TPS, nombre d’utilisateurs, comptes développeurs, cartographies d’écosystèmes — j’ai vu les mêmes arguments recyclés tellement de fois qu’ils ne veulent presque plus dire grand-chose.
Ce qui a attiré mon attention avec Dusk, c’est un problème différent : que se passe-t-il quand l’actif qui circule on-chain est une position de type sécurité ou fonds nécessitant de la confidentialité, du contrôle et un règlement que tout le monde peut réellement vérifier ?
Dusk aborde cela au niveau de la couche de transaction. Moonlight est public et basé sur des comptes. Phoenix utilise des notes protégées et des preuves ZK, avec des clés de consultation pour une divulgation sélective. Pourtant, les deux règlent via DuskDS, tandis que le Transfer Contract oriente chaque charge utile vers la logique de vérification appropriée.
Cela me paraît plus pertinent qu’une autre promesse de rapidité. La tokenisation se heurte toujours aux mêmes frictions : les actifs financiers ont besoin de règles de propriété, d’une divulgation contrôlée et d’un règlement fiable, pas seulement d’un simple habillage.

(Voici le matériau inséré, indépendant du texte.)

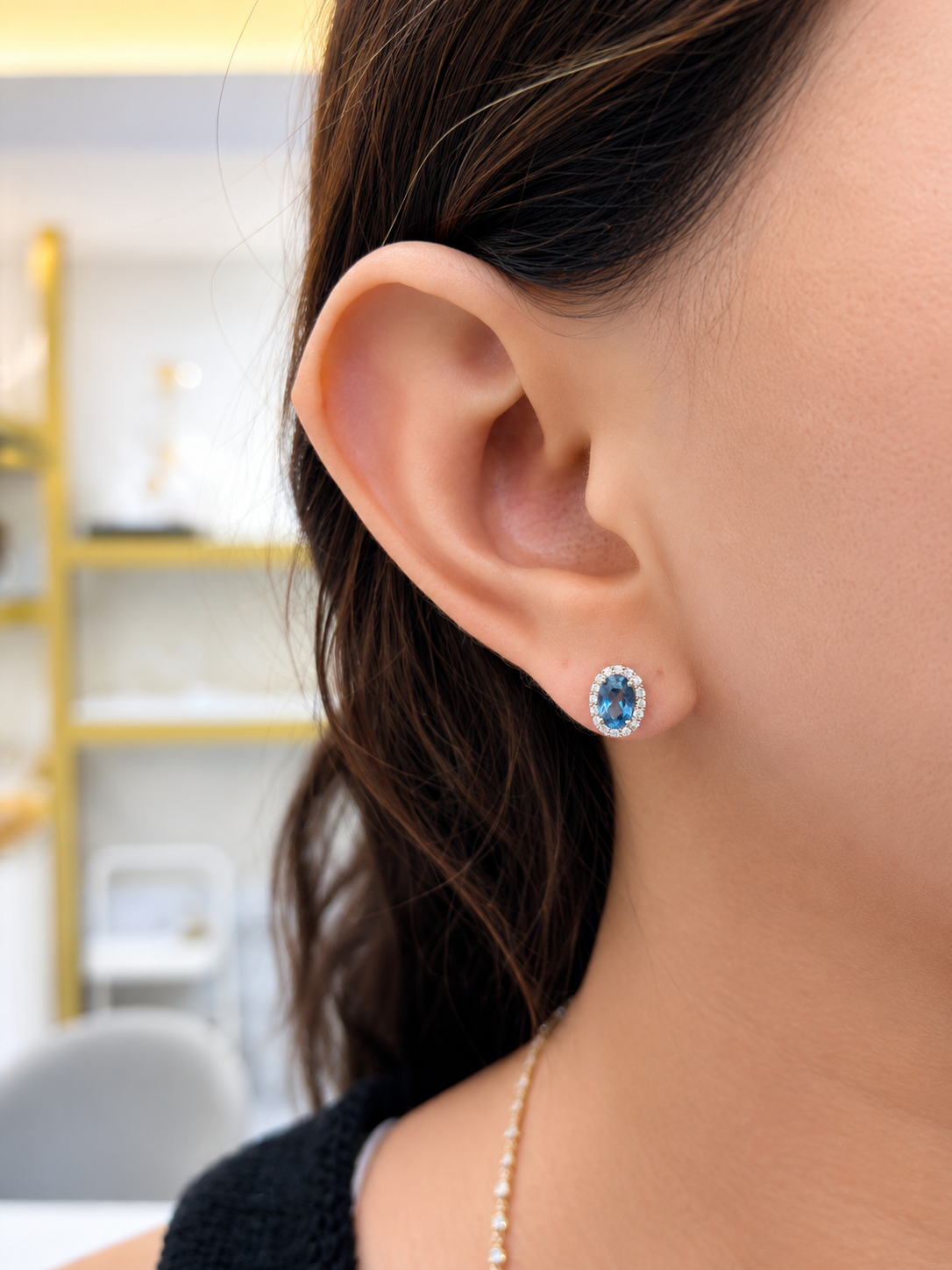 Aretes Oval London Blue Topaz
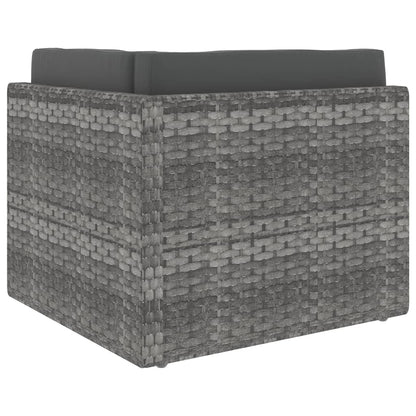 Hoekbank sectioneel poly rattan grijs
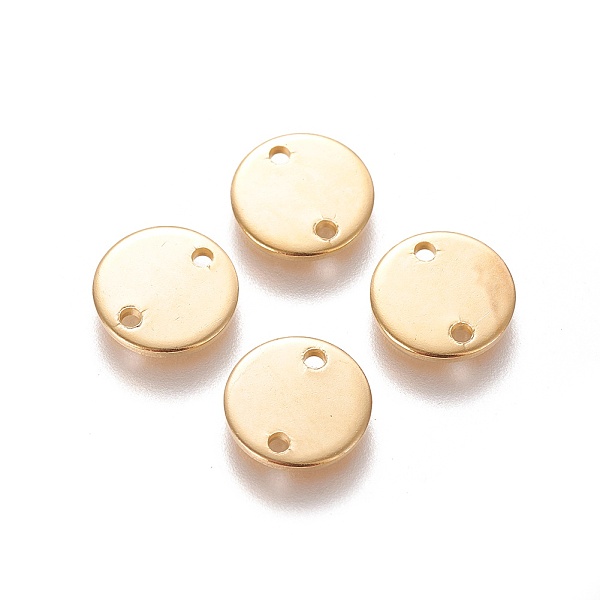 Honeyhandy Stainless Steel Links Connectors Flat Round Golden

Je ne suis encore pas certain que Dusk ait prouvé cela. DuskEVM offre aux développeurs la voie familière de Solidity ; DuskVM propose directement Rust/WASM sur L1. Les bonnes architectures peuvent tout de même être battues par des outils familiers. J’ai déjà vu cela.
Alors j’observe en silence. La question n’est pas de savoir si Dusk peut faire circuler des tokens rapidement. La question est de savoir si les actifs financiers peuvent réellement vivre on-chain sans forcer la confidentialité, la conformité et le règlement à être traités dans des systèmes séparés.
C’est à cette partie que je prête attention.
@Dusk #dusk $DUSK
Ce qui a attiré mon attention avec Dusk, c’est un problème différent : que se passe-t-il quand l’actif qui circule on-chain est une position de type sécurité ou fonds nécessitant de la confidentialité, du contrôle et un règlement que tout le monde peut réellement vérifier ?
Dusk aborde cela au niveau de la couche de transaction. Moonlight est public et basé sur des comptes. Phoenix utilise des notes protégées et des preuves ZK, avec des clés de consultation pour une divulgation sélective. Pourtant, les deux règlent via DuskDS, tandis que le Transfer Contract oriente chaque charge utile vers la logique de vérification appropriée.
Cela me paraît plus pertinent qu’une autre promesse de rapidité. La tokenisation se heurte toujours aux mêmes frictions : les actifs financiers ont besoin de règles de propriété, d’une divulgation contrôlée et d’un règlement fiable, pas seulement d’un simple habillage.
Je ne suis encore pas certain que Dusk ait prouvé cela. DuskEVM offre aux développeurs la voie familière de Solidity ; DuskVM propose directement Rust/WASM sur L1. Les bonnes architectures peuvent tout de même être battues par des outils familiers. J’ai déjà vu cela.
Alors j’observe en silence. La question n’est pas de savoir si Dusk peut faire circuler des tokens rapidement. La question est de savoir si les actifs financiers peuvent réellement vivre on-chain sans forcer la confidentialité, la conformité et le règlement à être traités dans des systèmes séparés.
C’est à cette partie que je prête attention.